EXERCISE GOAL:
Copy every line of the data exactly, keeping out any picture.

DATA BLOCK:
*-*-*
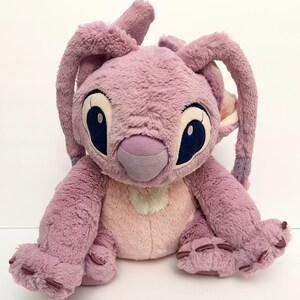 May include: A plush toy of the character Angel from the Lilo & Stitch franchise. The toy is primarily lavender with a light pink belly and inner ears. It has large, dark blue eyes and long, floppy ears.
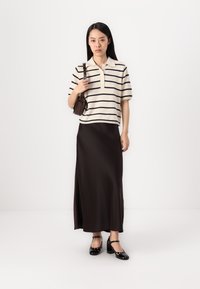 Randig krämfärgad pikée med korta ärmar, kombinerad med en lång, mörkbrun, satinkjol. Svarta klackskor fulländar outfiten.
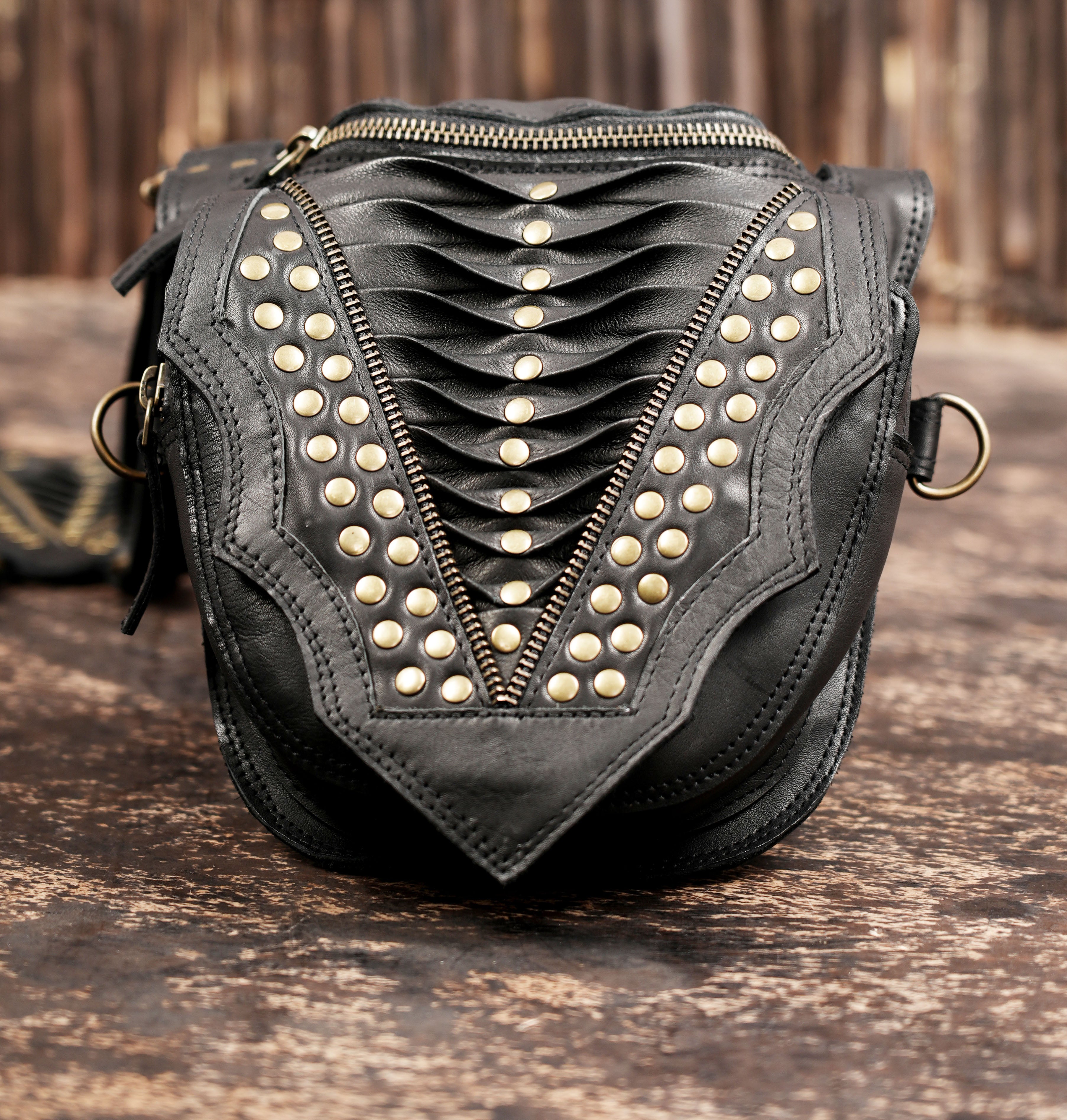 Steampunk style leather holster with twin utility pockets and metal hardware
*-*-*
WORKED SOLUTION:
 May include: A plush toy of the character Angel from the Lilo & Stitch franchise. The toy is primarily lavender with a light pink belly and inner ears. It has large, dark blue eyes and long, floppy ears.
 Randig krämfärgad pikée med korta ärmar, kombinerad med en lång, mörkbrun, satinkjol. Svarta klackskor fulländar outfiten.
 Steampunk style leather holster with twin utility pockets and metal hardware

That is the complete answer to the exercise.